However, last weekend during the Professional Speaking Association Annual MEGA Conference, I was starting to worry that the show would not go on, or at least my 45 minute session wouldn’t. The conference ran from Friday until Sunday; my session was on Sunday morning and I started to feel unwell on Friday evening. By Saturday lunchtime I felt like I had been hit by a truck; my body ached, I was overcome with exhaustion and my mind was so jumbled that I could barely string two words together. I was concerned but determined not to let anyone down so on Sunday morning, despite not feeling 100%, I put on my happy face and delivered the session I had been booked to deliver.

I learnt some important lessons as a result – here is a quick overview of what worked for me and what I will do differently in the future:

1. No one needs to know

Regardless of the fact that I was feeling increasingly unwell (and the pressure of speaking in front of 200 professional speakers when I wasn’t in top form), I knew that I would do my best to deliver my session as promised. Therefore, I decided not to let people know that I was struggling with my health and kept it from the organisers – they had enough to worry about already, especially as it turned out that two other speakers had to cancel on Sunday! I’m so glad I was able to fulfil my obligations and I hadn’t worried anyone unnecessarily.

2. Cancel all non-essential commitments

I had been really looking forward to the convention, the speakers, the learning, the networking, the gala dinner and seeing the fabulous Celia Delaney providing the after dinner entertainment. But it wasn’t about my wishes; I knew I had to do whatever it took for me to show up on Sunday morning and give my all to the audience. So I stayed in my hotel room and focused on getting well.

3. Give yourself the time to rest

Our mind and body cannot continue to deliver what we need it to if we don’t give it enough time to rest and recuperate. I had a lot of work on in the lead up to the conference and had been burning the candle at both ends. Eventually I just had to stop and give it some rest or I would not have been capable physically or mentally to deliver a 45 minute presentation to the standard that I and the audience expected. A good night’s sleep definitely contributed to feeling a bit better by Sunday morning. In hindsight, I realise I should have managed my diary better in the lead up to the conference and ensured I had enough rest time.

4. Treat yourself well

Not only do we need enough rest but we also need to fuel our bodies with healthy foods to perform at our optimum. As I had been so busy I hadn’t been food shopping so wasn’t eating well enough to give my body the nutrition it required to function at its best. I had even run out of vitamins!
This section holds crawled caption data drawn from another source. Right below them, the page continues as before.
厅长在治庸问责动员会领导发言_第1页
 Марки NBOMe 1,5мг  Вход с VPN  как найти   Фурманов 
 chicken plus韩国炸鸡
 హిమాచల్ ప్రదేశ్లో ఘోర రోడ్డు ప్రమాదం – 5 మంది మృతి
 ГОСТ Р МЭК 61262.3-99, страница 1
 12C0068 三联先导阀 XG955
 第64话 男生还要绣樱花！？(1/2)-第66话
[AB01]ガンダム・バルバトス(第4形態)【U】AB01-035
Once again, a reminder to myself to make my health a priority and to balance work with looking after myself.

5. Warm up effectively to give your best

My talk was titled ‘Prime Your Body, Voice and Mind: Off Stage Secrets for On Stage Success’; ironic when I hadn’t prepared effectively in terms of looking after my health! However, the focus of my session was about warming up immediately prior to giving a presentation to ensure you are in a state of readiness and fully present when you step onto the speaking platform. Therefore, I took my own advice and did a thorough warm up of my body, voice and mind. This really helped to lift my energy and enabled me to focus fully on the audience and the task at hand. If you don’t currently warm up before a giving presentation, I strongly urge you to do so and notice the difference.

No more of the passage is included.